Your objective: Once you reach the line containing "Rideau Country Style" in the entries below, write out that line and each one after it down to the line containing "Fly Racing Rayce", exactly and with nothing added.

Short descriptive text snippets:
+-------+

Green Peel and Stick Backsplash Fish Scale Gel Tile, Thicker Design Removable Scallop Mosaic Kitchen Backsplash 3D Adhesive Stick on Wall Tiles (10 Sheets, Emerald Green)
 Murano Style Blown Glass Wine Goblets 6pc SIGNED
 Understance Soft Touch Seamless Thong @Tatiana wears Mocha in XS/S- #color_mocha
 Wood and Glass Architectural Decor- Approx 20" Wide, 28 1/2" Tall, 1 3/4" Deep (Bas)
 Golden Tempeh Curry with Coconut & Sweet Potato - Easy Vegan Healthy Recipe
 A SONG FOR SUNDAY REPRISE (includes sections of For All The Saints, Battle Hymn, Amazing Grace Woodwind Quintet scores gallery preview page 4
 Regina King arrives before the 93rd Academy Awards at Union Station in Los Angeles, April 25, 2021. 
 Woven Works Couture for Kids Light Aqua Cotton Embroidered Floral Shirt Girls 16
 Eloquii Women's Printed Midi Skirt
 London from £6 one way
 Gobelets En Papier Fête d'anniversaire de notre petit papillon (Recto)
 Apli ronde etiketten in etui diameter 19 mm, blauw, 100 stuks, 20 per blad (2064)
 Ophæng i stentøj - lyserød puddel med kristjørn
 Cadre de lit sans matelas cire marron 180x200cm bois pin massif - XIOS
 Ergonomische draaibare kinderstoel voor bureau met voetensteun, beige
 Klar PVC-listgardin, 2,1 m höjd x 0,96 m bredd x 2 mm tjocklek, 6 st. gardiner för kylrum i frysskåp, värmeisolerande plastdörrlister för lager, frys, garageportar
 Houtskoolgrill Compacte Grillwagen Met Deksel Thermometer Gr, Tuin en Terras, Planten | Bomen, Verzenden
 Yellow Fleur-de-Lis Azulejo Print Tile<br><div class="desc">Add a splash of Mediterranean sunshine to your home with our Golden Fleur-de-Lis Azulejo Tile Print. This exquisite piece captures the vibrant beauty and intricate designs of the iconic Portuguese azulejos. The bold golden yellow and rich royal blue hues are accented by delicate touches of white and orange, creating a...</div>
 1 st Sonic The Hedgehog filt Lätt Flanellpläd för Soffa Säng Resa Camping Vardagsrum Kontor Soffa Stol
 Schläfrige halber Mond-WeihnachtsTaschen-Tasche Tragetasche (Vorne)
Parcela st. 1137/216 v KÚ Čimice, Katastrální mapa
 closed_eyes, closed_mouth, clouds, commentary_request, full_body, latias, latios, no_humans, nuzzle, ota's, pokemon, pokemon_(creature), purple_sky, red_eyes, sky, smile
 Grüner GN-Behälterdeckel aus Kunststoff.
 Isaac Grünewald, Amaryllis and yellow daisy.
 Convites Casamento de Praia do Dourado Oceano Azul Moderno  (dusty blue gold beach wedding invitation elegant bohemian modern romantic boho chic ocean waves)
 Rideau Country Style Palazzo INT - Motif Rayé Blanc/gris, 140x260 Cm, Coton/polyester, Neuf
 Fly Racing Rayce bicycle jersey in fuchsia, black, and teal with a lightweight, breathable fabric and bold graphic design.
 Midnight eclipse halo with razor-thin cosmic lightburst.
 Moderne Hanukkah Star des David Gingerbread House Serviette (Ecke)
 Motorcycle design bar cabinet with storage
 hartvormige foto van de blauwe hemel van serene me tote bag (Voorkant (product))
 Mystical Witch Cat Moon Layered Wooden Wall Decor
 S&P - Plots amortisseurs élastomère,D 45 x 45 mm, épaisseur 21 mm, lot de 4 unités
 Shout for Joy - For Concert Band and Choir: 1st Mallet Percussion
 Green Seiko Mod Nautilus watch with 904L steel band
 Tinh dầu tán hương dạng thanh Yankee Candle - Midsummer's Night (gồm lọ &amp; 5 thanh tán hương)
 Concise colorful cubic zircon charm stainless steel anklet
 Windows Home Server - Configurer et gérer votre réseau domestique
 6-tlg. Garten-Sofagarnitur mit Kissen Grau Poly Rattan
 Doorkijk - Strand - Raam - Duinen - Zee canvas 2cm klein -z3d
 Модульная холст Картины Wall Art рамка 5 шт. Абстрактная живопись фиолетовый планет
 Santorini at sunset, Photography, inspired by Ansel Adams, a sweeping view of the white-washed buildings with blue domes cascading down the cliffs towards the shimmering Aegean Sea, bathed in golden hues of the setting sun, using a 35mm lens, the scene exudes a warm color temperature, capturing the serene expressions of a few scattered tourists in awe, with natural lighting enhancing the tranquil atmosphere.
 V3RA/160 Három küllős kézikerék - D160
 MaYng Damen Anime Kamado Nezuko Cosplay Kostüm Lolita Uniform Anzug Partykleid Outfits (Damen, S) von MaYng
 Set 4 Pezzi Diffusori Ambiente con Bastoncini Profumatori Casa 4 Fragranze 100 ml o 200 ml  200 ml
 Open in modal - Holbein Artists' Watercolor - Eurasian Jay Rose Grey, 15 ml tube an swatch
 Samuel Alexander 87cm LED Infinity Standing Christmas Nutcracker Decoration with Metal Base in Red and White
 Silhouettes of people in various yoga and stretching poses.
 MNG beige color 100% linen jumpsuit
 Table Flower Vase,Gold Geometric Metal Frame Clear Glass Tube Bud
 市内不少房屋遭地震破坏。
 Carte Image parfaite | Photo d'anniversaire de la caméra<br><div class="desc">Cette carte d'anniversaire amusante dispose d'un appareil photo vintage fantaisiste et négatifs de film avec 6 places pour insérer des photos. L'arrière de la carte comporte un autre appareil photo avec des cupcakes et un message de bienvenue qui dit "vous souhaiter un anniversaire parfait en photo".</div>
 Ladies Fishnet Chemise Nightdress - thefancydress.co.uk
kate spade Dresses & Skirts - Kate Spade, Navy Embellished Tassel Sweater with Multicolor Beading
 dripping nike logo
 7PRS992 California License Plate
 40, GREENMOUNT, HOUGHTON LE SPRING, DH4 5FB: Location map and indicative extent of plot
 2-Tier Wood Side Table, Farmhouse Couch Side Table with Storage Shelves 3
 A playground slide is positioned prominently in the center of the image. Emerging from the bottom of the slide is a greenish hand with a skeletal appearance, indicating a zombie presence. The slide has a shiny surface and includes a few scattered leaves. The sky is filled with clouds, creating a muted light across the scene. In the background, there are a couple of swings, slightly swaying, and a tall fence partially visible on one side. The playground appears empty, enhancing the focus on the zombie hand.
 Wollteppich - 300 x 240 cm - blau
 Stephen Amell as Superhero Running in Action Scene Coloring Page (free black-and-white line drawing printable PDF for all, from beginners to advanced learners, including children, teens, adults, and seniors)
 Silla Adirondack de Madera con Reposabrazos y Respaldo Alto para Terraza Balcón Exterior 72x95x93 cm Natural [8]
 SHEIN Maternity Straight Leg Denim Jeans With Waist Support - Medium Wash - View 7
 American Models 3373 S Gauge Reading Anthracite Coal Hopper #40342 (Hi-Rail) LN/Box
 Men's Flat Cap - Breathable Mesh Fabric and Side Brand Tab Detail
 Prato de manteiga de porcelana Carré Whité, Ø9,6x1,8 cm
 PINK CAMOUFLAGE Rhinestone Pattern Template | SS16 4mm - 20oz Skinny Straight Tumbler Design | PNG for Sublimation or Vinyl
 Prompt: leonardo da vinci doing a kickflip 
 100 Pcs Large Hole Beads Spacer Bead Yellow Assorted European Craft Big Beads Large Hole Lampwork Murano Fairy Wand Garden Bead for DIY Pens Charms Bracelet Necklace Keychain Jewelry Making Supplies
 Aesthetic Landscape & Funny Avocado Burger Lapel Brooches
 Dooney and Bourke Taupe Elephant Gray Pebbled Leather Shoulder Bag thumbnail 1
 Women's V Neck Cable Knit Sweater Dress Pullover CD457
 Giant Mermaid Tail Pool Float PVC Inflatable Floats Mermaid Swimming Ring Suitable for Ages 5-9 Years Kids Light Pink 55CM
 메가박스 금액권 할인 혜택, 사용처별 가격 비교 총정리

+-------+

Your solution:
 Rideau Country Style Palazzo INT - Motif Rayé Blanc/gris, 140x260 Cm, Coton/polyester, Neuf
 Fly Racing Rayce bicycle jersey in fuchsia, black, and teal with a lightweight, breathable fabric and bold graphic design.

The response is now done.